» The input
---*---
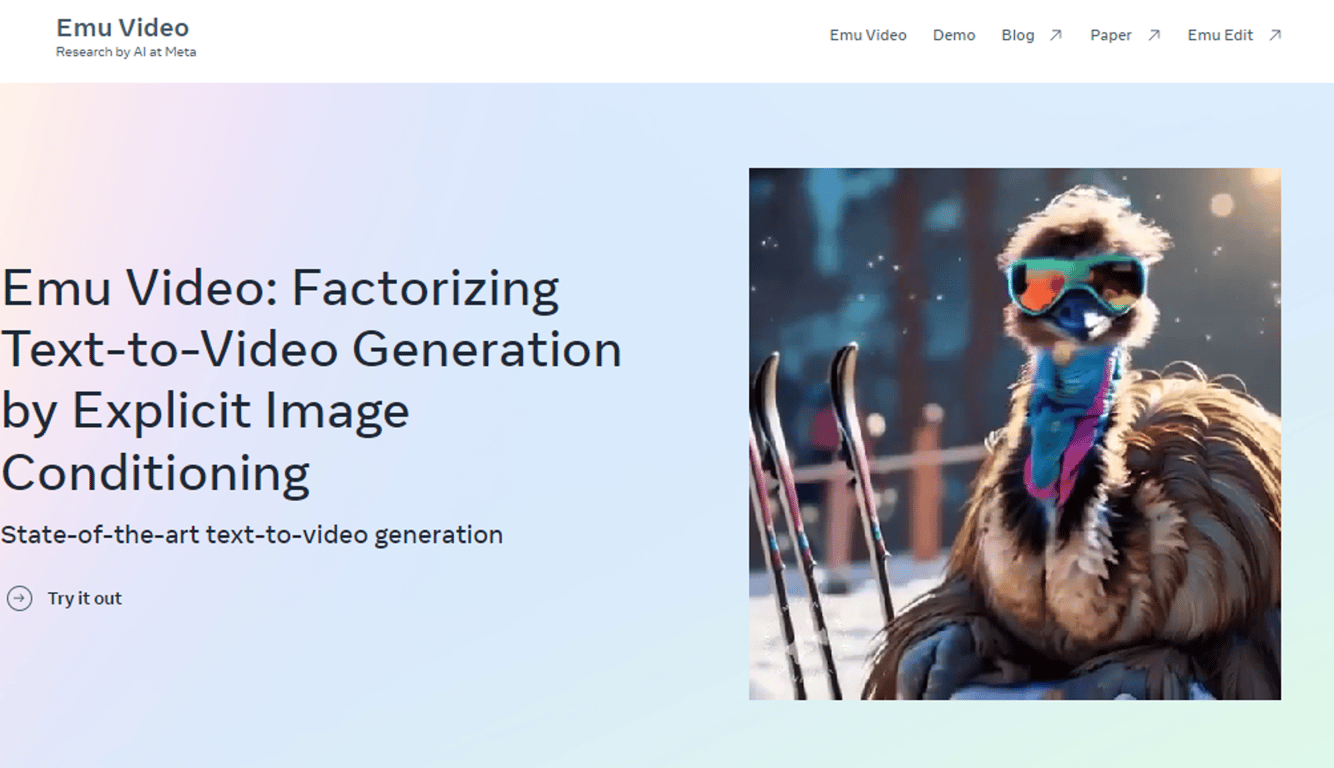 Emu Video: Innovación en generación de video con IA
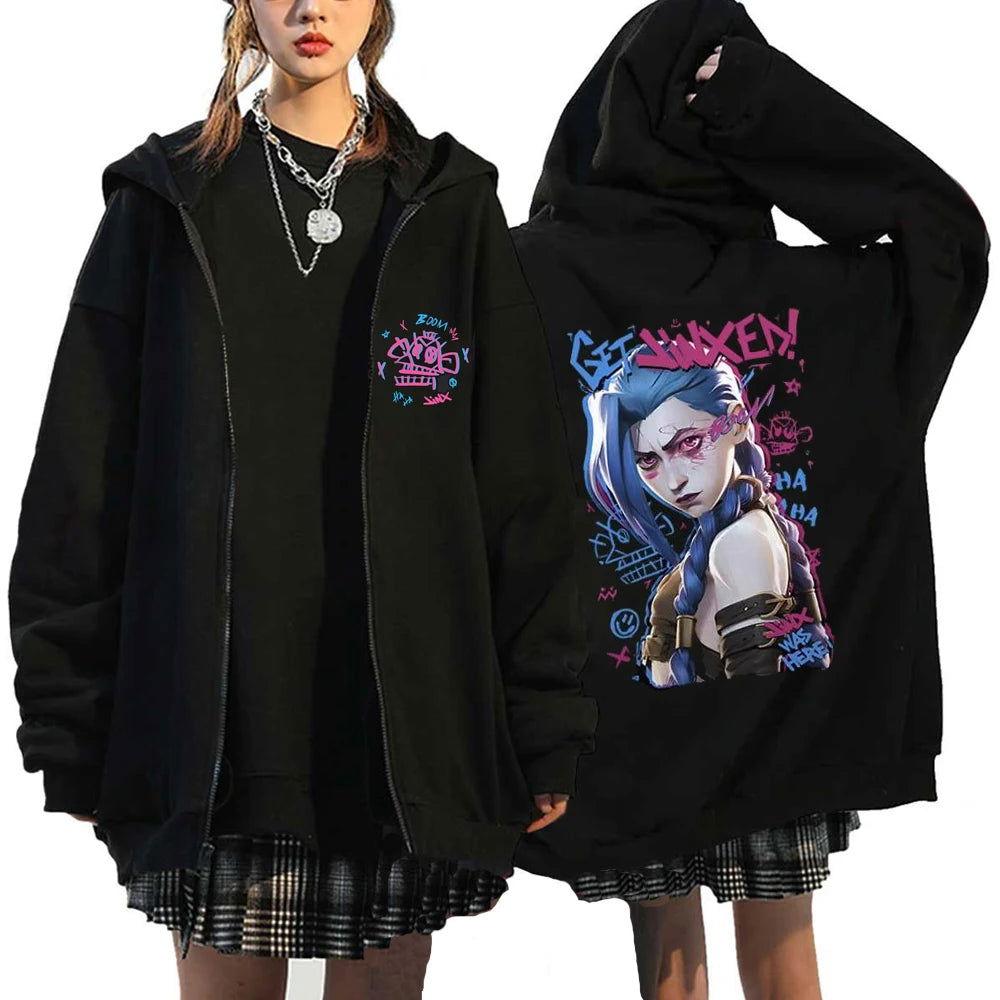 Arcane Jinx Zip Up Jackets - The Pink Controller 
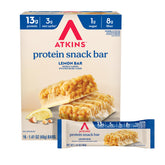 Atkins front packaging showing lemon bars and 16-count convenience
---*---
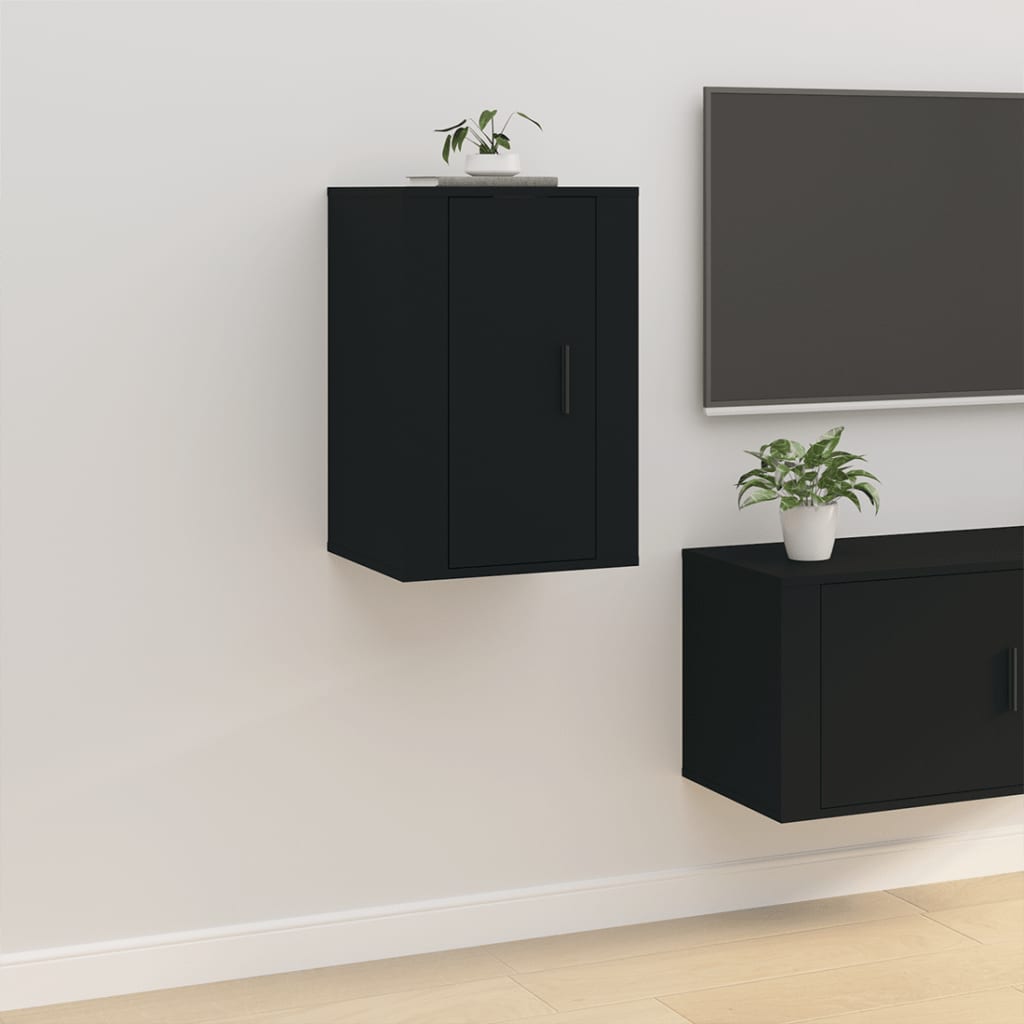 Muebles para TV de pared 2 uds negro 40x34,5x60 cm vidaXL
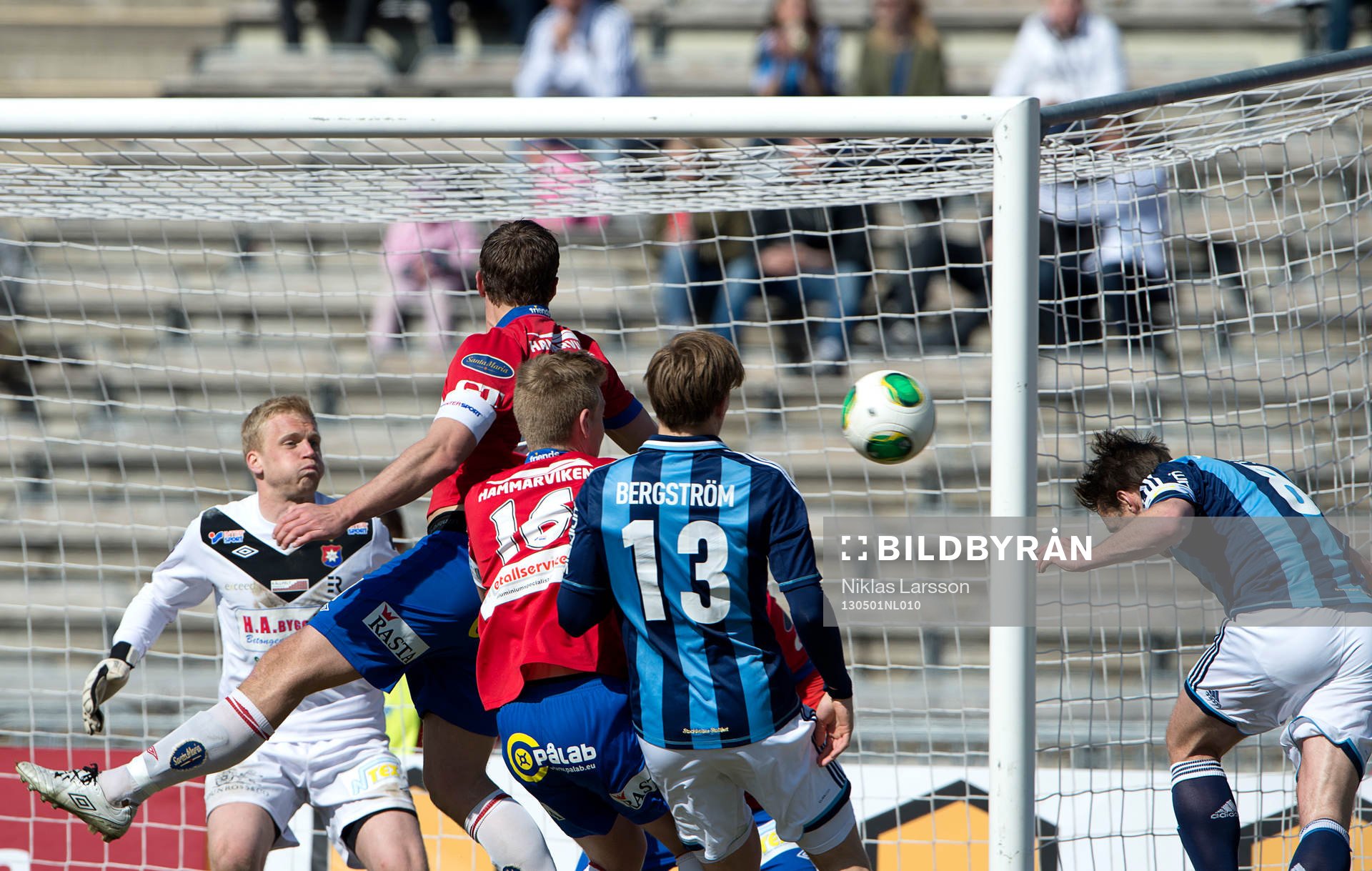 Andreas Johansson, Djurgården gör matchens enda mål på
---*---
» Task goal
Beginning with the line above that has "Emu Video: Innovación" and going on through the line that has "Atkins front packaging", retype every line exactly and add nothing else; drop the pictures.

» Answer to this problem
 Emu Video: Innovación en generación de video con IA
 Arcane Jinx Zip Up Jackets - The Pink Controller 
 Atkins front packaging showing lemon bars and 16-count convenience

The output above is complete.